The Kerio Valley Development Authority and Indian investors will pump in Sh10 billion for a sugar production project.
KVDA chief executive David Kimosop said 25,000hectares ( 61,776 acres) will be set aside for cultivation and the building of a factory near Turkwel on the border between West Pokot and Turkana.
He spoke on Tuesday when he hosted 50 university students trained on food security for a year in Israel. The government, through KVDA, is also partnering with Israel to boost food security.
The students are on a 10-day field study in Kerio Valley where they will visit KVDA projects.
“We would like to give the students an opportunity to put into practice what they learned in Israel, a country that is a desert but produces its food locally,” Kimosop said.
The students will advise farmers on techniques to improve production. “KVDA believes it’s important to tap into what they have learned for the benefit of our country,” Kimosop said.
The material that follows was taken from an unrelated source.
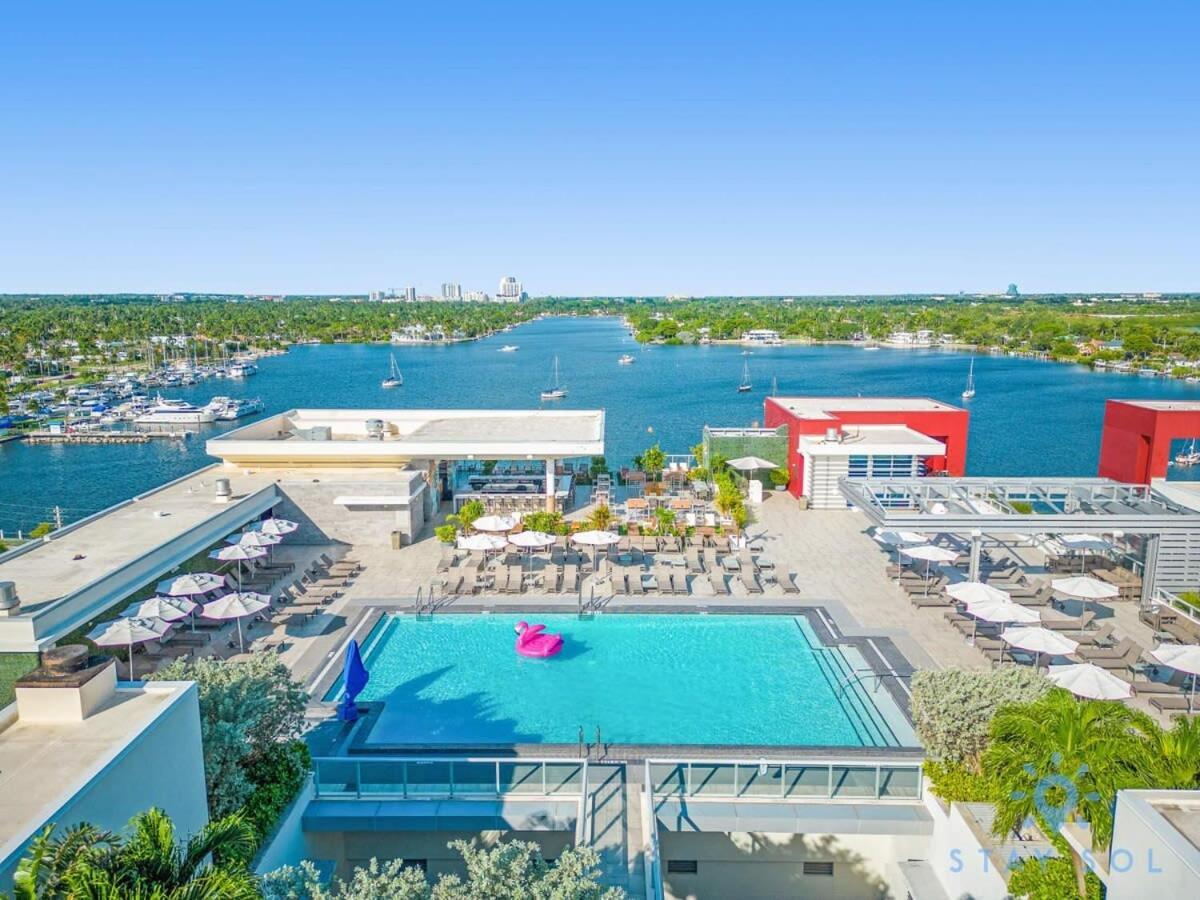 Hollywood Beach Broad - Walk - Amazing Pool - Hot Tub Exteriör bild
Kimosop said KVDA supports President Uhuru Kenyatta’s Big Four agenda and it will focus on improving food production in the North Rift region.
“The sugar project we are planning will empower pastoralists economically and enable the country sustain itself in sugarcane production,” he said.
Sugarcane yield in Rift Valley has increased from 1,041,780 tonnes to 1,644,395 tonnes in two years as more farmers diversify.
A report indicates the acreage under sugarcane has increased from 56.8ha ( 140.3 acres) to 64.2ha ( 158.6 acres) with production of 2,198 tonnes.
Kimosop said KVDA will focus on food production in the North Rift counties because they are usually worst hit by drought.